The idea is that when you are driving in the city, facing slow-speed and heavy-traffic situations, you can rely more on electric power in order to save on gasoline. But when you reach the highway and need to open up, the combustion engine takes over and gives super-efficient gasoline-powered driving. Some hybrid cars easily get more than 50 miles per gallon.

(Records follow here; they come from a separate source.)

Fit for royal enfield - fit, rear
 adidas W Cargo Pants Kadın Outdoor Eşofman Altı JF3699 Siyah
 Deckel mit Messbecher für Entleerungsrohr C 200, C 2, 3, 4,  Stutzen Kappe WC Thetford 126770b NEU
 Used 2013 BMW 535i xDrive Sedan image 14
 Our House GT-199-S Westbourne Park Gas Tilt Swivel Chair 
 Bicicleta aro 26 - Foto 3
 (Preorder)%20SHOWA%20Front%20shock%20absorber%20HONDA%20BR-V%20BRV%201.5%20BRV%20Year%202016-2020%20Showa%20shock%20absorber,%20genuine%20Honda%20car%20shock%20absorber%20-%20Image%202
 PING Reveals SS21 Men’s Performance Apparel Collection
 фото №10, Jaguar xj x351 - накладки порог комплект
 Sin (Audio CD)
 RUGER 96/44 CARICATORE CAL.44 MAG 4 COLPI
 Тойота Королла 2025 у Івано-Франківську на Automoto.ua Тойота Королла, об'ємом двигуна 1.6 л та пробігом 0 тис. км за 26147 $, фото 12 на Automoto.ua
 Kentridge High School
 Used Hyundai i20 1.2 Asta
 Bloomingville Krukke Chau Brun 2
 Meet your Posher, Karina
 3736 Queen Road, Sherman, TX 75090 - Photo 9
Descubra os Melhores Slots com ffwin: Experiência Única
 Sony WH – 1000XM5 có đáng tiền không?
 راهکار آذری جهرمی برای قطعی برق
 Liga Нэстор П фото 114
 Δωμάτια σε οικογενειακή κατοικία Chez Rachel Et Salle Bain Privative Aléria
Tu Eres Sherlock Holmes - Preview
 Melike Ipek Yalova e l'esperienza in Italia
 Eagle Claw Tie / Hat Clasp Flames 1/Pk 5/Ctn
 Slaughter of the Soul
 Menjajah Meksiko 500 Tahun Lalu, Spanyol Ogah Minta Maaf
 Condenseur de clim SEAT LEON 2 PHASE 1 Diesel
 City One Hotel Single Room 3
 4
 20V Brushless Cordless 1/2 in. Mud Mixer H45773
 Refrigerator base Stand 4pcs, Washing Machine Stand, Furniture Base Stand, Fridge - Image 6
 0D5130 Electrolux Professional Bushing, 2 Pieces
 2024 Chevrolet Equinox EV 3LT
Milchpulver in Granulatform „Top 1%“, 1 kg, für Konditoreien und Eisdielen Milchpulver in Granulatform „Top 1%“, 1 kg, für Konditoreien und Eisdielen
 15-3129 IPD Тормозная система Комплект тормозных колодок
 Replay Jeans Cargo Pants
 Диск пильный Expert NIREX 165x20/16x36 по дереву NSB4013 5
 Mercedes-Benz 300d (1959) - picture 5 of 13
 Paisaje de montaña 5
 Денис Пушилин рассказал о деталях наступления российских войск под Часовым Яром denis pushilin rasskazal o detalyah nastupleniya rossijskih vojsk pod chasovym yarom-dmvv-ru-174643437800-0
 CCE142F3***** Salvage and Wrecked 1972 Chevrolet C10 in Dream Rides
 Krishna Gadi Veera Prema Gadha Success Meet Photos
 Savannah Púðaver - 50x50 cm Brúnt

The electric powertrain is run by a low-capacity battery, typically 1.3 to 1.7kWh, and only delivers a very small amount of electric-only range. The Toyota Prius, for instance, can only do about 10-11 miles on pure electric power. The battery is recharged by the combustion engine whenever the engine kicks in. Part of the function of HEVs is that they don’t need to be plugged in to charge. As you drive faster and the engine takes over, it recharges the electric battery as you go.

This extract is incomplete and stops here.